Ecrit par : شات مصرى | 02.11.2011

Je suis vraiment heureux pour ce poste dans ce site. Donc, j'ai toujours envie de se concentrer dans ce site sur l'article différent.

Ecrit par : gift baskets | 14.02.2012

Au menu du Grand 8 de la radio romande ce vendredi, une discussion sur l’avenir de la sociabilité médiatisée par les réseaux tissés sur la Toile. Comment « gérer ses amis » quand on en a tellement ? Cette abondance pose un problème de gestion des stocks, mais également de sens du mot « ami ». Pour moi, qui suis née au milieu du siècle passé, « ami » s’oppose à « copain » sur le plan de l’intensité de la relation. Un ami est plus qu’un copain. Sans parler de l’expression désuète de « bon ami » ou « bonne amie » qui désigne encore plaisamment, en Suisse, l’amoureux ou l’amoureuse. Mais pour les dictionnaires actuels, les deux mots ne se distinguent plus que sur le plan des registres : « copain » est familier.

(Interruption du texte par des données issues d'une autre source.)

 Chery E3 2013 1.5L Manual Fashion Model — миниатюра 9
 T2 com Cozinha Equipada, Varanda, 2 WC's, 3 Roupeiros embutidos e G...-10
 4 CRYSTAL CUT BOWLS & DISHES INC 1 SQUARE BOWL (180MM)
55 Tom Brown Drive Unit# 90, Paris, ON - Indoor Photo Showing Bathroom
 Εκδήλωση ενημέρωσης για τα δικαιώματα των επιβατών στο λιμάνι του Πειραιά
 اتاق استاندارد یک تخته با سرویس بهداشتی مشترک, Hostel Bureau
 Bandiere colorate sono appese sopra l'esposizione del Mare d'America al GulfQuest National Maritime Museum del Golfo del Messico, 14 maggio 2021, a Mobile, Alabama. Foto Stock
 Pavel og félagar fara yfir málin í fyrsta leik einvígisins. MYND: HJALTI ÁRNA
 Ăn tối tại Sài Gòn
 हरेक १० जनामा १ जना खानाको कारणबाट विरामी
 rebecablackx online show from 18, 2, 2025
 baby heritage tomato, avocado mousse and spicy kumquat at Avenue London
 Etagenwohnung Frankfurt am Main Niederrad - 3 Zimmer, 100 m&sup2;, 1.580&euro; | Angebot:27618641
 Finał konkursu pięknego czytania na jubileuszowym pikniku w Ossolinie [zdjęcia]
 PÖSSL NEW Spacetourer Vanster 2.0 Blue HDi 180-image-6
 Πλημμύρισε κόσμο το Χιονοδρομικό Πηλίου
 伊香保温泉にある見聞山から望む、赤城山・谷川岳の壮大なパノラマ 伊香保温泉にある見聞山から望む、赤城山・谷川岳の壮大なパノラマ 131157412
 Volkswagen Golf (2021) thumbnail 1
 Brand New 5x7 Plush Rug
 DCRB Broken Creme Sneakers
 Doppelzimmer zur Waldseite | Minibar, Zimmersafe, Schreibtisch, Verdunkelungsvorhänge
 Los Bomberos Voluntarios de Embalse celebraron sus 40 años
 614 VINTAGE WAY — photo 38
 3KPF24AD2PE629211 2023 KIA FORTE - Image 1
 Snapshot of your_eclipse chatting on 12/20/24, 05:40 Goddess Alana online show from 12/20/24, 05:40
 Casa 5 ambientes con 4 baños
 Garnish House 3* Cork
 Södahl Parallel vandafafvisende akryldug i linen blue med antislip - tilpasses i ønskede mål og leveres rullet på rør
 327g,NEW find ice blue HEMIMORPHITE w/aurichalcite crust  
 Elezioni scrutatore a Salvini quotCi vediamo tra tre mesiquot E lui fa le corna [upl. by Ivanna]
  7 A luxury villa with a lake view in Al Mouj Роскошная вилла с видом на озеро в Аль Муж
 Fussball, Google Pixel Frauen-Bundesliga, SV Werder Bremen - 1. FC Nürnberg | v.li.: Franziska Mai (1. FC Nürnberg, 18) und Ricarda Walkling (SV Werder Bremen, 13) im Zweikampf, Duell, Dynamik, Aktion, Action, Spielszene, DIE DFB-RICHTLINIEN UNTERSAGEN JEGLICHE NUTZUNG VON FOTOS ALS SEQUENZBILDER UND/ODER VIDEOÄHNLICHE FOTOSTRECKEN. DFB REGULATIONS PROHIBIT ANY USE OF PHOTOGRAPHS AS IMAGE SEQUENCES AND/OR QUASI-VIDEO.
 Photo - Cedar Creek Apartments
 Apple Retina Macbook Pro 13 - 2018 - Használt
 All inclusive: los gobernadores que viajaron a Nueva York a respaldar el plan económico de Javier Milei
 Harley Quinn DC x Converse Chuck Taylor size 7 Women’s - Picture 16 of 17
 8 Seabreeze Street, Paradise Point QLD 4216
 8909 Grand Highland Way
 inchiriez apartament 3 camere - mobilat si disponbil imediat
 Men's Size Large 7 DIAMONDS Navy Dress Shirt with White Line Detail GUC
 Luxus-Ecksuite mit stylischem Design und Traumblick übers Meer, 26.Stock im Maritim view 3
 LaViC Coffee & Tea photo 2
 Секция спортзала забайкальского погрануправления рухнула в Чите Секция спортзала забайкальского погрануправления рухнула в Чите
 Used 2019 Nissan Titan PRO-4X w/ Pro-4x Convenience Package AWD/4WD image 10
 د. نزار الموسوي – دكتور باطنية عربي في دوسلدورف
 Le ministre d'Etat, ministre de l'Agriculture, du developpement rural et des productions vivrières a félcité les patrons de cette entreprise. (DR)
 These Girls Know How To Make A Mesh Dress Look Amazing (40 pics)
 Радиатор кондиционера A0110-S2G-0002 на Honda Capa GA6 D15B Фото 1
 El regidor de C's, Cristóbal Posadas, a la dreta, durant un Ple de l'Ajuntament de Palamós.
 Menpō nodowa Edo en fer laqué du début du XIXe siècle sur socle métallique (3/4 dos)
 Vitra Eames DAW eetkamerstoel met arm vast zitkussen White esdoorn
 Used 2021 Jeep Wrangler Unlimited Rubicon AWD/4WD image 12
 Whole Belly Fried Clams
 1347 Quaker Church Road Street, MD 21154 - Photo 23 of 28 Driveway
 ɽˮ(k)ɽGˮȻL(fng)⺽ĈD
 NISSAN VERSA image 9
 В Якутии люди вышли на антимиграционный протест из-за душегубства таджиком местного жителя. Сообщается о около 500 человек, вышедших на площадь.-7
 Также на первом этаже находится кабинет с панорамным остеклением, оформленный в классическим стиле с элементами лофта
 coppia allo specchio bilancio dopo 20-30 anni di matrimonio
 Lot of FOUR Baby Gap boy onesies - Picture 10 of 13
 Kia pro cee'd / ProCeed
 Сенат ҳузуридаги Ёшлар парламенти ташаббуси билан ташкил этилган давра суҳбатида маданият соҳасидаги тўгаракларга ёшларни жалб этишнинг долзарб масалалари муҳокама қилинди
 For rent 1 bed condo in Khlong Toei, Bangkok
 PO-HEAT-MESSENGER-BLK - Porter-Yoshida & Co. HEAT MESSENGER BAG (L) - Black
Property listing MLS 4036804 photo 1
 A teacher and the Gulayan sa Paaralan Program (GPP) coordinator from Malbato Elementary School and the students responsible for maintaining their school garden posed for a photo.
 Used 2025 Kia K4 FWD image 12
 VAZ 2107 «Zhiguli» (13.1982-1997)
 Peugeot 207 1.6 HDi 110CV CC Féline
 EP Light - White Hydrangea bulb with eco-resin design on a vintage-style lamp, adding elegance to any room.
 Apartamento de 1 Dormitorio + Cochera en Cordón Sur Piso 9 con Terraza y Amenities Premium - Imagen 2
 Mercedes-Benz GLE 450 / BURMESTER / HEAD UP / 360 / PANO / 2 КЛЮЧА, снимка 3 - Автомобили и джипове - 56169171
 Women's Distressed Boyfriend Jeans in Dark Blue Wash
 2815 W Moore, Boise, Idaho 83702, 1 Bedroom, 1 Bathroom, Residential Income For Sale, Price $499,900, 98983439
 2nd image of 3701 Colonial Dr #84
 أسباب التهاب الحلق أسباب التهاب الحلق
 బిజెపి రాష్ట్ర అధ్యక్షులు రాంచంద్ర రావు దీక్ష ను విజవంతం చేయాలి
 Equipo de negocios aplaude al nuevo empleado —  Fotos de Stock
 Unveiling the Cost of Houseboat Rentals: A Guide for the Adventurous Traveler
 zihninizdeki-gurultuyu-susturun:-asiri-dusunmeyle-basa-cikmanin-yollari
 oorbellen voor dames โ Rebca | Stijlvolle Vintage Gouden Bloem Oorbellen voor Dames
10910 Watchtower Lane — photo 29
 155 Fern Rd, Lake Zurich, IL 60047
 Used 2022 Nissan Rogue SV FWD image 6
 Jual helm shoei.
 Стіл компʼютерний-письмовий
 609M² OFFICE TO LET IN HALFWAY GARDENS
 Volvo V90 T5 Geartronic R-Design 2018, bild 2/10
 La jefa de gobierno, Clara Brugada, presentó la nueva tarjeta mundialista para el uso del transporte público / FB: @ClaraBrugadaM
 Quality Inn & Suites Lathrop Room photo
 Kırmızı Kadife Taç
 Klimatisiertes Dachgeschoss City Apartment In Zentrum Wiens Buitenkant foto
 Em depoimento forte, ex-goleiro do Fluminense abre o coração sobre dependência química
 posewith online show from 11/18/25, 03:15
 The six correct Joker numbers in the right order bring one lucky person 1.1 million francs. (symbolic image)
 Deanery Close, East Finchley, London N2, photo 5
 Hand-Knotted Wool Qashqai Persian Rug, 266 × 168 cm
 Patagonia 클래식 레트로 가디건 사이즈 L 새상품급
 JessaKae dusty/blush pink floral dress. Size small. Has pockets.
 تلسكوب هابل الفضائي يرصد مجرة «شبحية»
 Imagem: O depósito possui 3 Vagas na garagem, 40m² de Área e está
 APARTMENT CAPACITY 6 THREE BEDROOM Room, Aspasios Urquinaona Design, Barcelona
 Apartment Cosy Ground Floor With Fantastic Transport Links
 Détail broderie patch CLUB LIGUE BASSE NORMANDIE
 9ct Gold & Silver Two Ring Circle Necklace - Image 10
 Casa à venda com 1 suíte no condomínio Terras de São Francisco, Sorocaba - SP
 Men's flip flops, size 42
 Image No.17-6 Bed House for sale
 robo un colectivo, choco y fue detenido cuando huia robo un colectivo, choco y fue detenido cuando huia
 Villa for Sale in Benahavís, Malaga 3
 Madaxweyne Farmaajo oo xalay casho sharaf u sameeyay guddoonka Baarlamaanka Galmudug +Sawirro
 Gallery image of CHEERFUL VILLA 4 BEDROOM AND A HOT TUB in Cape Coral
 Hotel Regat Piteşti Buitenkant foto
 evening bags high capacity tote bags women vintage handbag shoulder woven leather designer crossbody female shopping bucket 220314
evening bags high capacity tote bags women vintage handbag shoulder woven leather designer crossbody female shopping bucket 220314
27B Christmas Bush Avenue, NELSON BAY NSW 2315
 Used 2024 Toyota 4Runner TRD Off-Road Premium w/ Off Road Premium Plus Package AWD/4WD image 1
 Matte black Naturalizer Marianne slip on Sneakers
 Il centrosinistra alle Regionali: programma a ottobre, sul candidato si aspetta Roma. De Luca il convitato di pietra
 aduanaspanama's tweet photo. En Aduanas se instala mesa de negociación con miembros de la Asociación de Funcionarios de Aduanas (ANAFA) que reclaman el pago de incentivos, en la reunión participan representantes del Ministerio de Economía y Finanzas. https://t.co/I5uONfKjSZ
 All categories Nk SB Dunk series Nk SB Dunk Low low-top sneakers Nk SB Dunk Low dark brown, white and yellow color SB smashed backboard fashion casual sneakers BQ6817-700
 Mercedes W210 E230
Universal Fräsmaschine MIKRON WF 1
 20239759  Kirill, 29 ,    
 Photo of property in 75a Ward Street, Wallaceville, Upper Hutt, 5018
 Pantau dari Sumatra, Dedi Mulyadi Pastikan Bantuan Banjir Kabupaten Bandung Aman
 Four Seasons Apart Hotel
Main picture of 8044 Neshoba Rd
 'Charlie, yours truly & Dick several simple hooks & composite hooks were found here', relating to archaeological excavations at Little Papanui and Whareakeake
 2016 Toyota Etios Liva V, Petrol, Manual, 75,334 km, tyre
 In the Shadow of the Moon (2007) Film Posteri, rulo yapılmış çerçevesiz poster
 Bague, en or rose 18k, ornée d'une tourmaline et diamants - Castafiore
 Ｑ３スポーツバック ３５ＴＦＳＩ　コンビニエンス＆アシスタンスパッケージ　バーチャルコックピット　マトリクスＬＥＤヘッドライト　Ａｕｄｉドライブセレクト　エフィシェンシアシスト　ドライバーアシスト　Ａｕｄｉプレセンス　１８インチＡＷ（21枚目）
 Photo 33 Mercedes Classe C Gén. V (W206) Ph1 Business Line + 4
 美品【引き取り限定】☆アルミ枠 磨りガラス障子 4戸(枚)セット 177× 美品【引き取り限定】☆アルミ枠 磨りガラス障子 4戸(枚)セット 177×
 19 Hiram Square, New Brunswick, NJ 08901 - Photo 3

Ecrit par : Sohbet Chat | 02.03.2012

Au menu du Grand 8 de la radio romande ce vendredi, une discussion sur l’avenir de la sociabilité médiatisée par les réseaux tissés sur la Toile. Comment « gérer ses amis » quand on en a tellement ? Cette abondance pose un problème de gestion des stocks, mais également de sens du mot « ami ». Pour moi, qui suis née au milieu du siècle passé, « ami » s’oppose à « copain » sur le plan de l’intensité de la relation. Un ami est plus qu’un copain. Sans parler de l’expression désuète de « bon ami » ou « bonne amie » qui désigne encore plaisamment, en Suisse, l’amoureux ou l’amoureuse. Mais pour les dictionnaires actuels, les deux mots ne se distinguent plus que sur le plan des registres : « copain » est familier.